A Girl Walks Home Alone at Night probably stands as my favorite film of the year, for its perfect black and white cinematography, feminist revenge fantasy, tightrope romance, and delicate timing, to say nothing of the remarkable cat wrangling.
It Follows frightened me, but in a satisfying way like The Shining or Alien. I won’t soon forget those images of suburban Detroit, degraded sexuality, the sense of contagious doom.
Crimson Peak offered a beautiful Gothic, replete with horror, satirical comment on class and gender, and gorgeous imagery, but few memorable scares.
The Babadook made me laugh and stuck in my head for ages, but never scared me. I’d watch it again in a minute to get wound up and say “Babadook” again.
Mommy terrified me in ways that horror movies rarely do. I don’t think I could watch it again.

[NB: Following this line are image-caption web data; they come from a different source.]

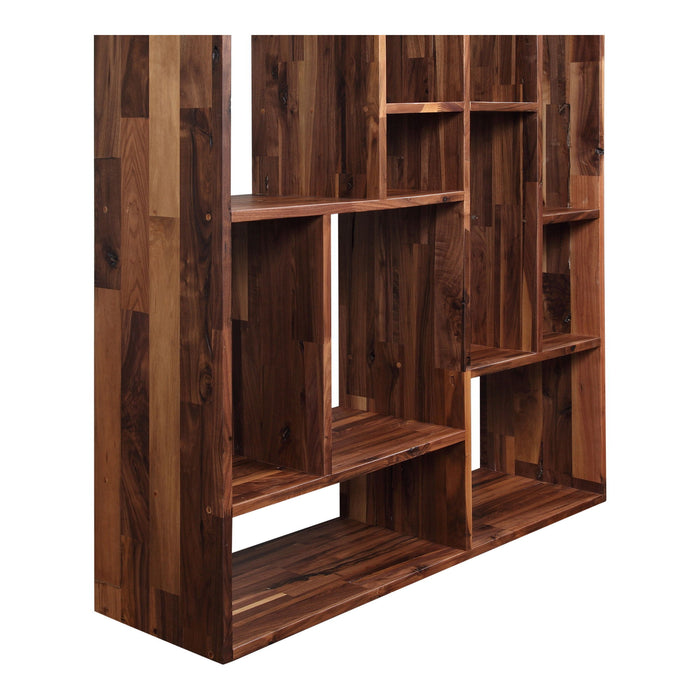 Ten Tier Bookcase - Brown / Natural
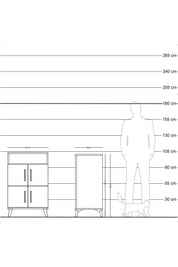 Kronos Komodin 2 Raflı 4 Kapaklı 60x59x96 Çam-Aytaşı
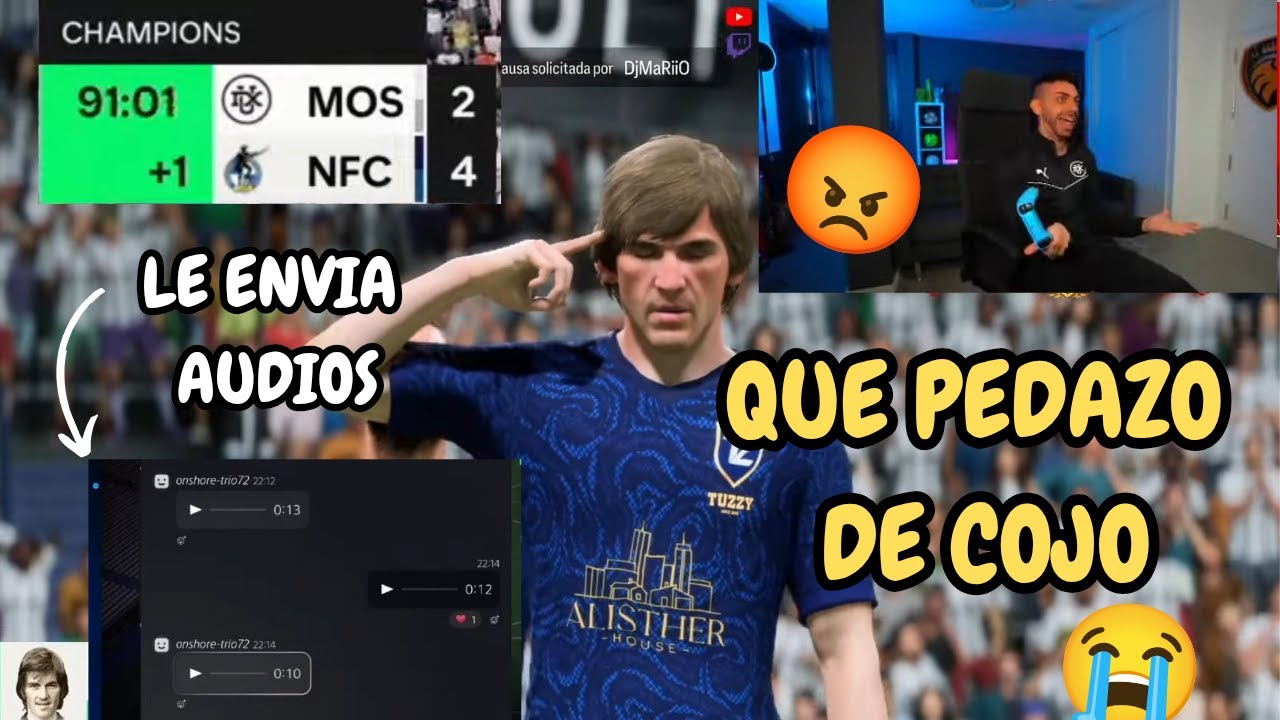 DjMaRiiO SE CABREA con RIVAL RUSO | Lloros y Enfados FC 25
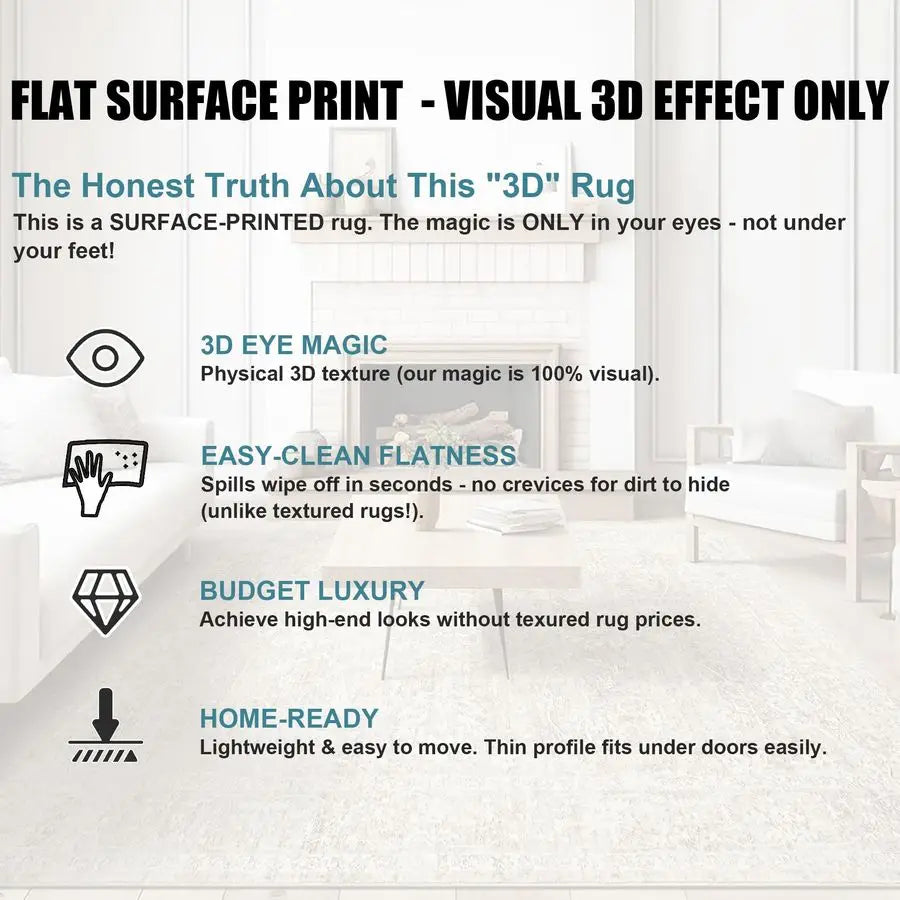 Vintage Soft Natural Rug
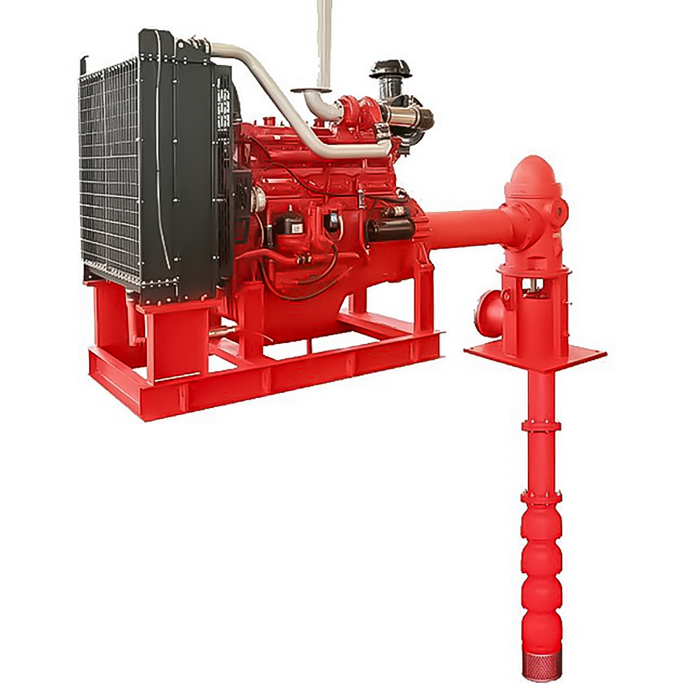 เครื่องสูบน้ำดับเพลิง Vertical turbine 1000 GPM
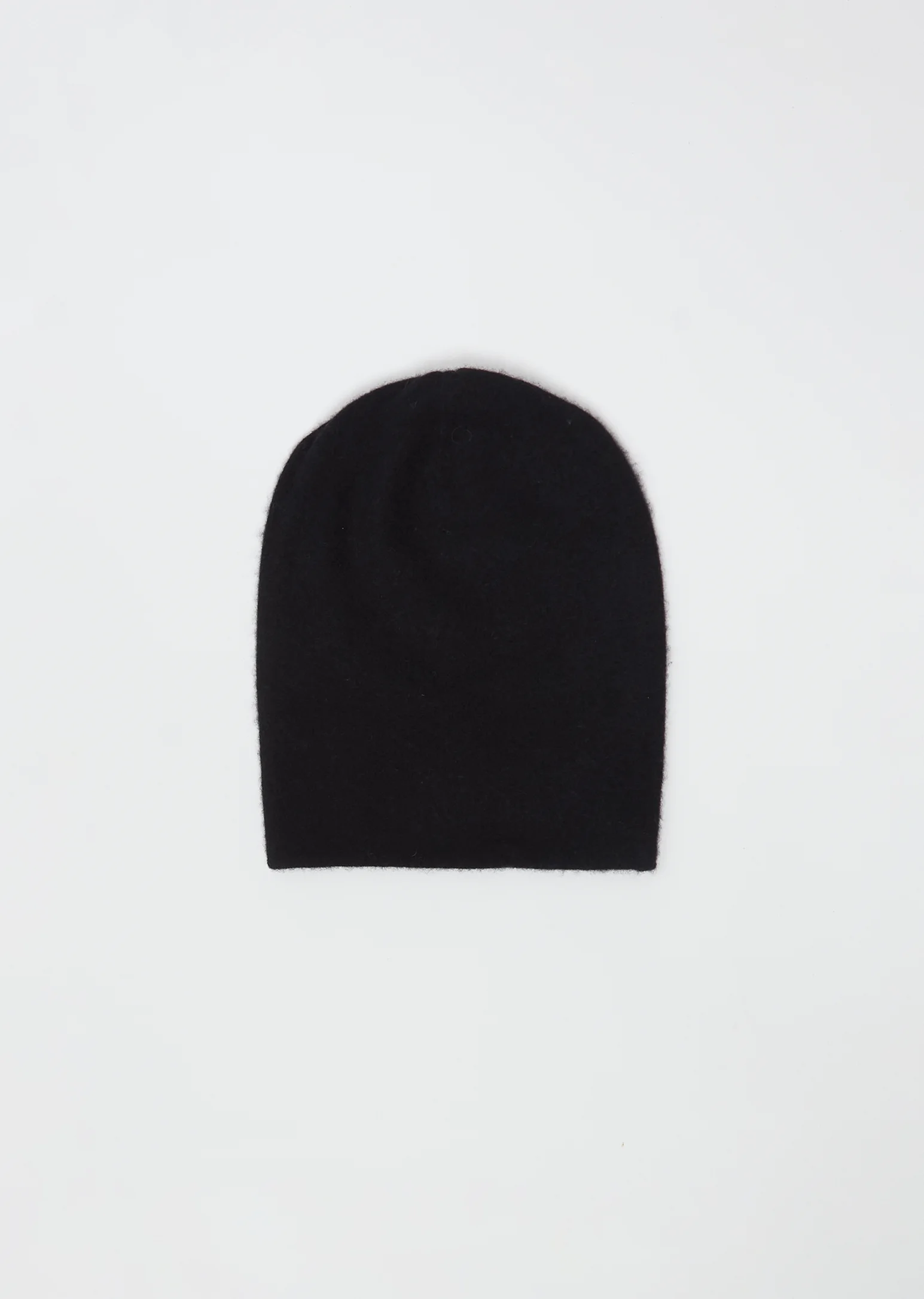Cashmere Beanie — Black - 1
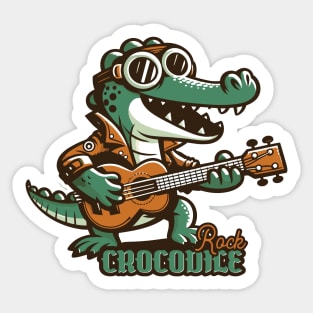 Crocodile Rock // Retro Music Fan Sticker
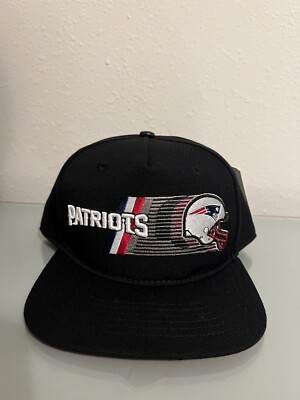 Pro Standard New England Patriots Racing Helmet Logo Snapback Adjustable  Hat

In other genres: I could quote Tangerine’s delicious trans street arguments all day. It reminded me a little of of Midnight Cowboy, but with a 21st century style, humor, and vitality.
The Danish Girl’s ptincipal performances actually choked me up quite a bit. I’m troubled that the film for reasons unknown to me understated the extent to which Lili and Gerta lived together as a gay couple in Paris, and Danish and German law rather than any personal splits I’ve read about dissolved their marriage. Still, amazing performances.
Yet more amazing that the strong, emotive, sincere Gerta was played by the same actress who delivered the remarkably controlled performance as the A.I. in Ex Machina, opposite Oscar Isaacs’, megalomaniac tech billionaire and… that kid.
I loved Dope’s tale of black geek empowerment, it’s sense of subcultures, its low opinion of white professional respectability.
I totally fell for the “science the hell out of it” can-do spirit of The Martian, as I know we were all meant to. I listened to the audio book, first, becoming quite swept up in it. I thought Matt Damon conveyed the stubborn stranded astronaut well. I appreciated little changes that the film made, making the mission commander who lost Diamonds character take hands-on control of grabbing him, at the end. I loved the look of the Martian desert, the claustrophobic sense of survival in pressure suits, tents, and rovers. And, all things considered, much more convincing than most other recent science fiction films.
In Fury Road, the post-apocalyptic broken world shows signs of climate change as well as other catastrophes. Mad Max is no longer the Road Warrior so much as an addled, guilty wanderer; Furiosa is the Road Warrior. And the wars are primitive Post-apocalyptic ones over dwindling water, fuel, and flesh. Descriptions of Fury Road as a “feminist film” were of course ridiculously overstated. It’s an apocalyptic action movie starring Charleze Theron. The question “Who wrecked the world?” seems pointedly aimed by women at the testosterone crazy war boys and their warlord, Joe, though. Few characters are drawn with any great subtlety. But the imagery of a world broken, depleted, superheated, desertified by male – designed systems national and corporate competition stays with me.
The Force Awakens: what can I say? It’s a pastiche of prior Star Wars movies, but I like the new characters–Rey, Finn, Maz, Poe–better than the old ones. Rey effectively replaces both Han and Luke, and I’m OK with that. Finn and Poe have a mad bromine. Maz, if she’s still alive, knows you better than you do. Finally, Han gets his long-delayed death scene. Leia fits more naturally as a general than a princess. Luke … Well, who knows. Don’t really care, as long as he doesn’t get in the way of the new characters. I enjoyed the scale, the sense of consequences. This is my preferred version of the Star Wars legend. I only missed Alec Guinness, wished that Max von Sydow had another scene or two.
Oh, yes, and if I’m going to watch a movie of Macbeth, I think Fassbender and Cotillard are my go-to portrayals, now.
Forgot: What We Do at Night takes the cake for best comic horror. Good year for horror tropes, like I said.
Oh, and both 99 Homes and Carol are on my must-see list.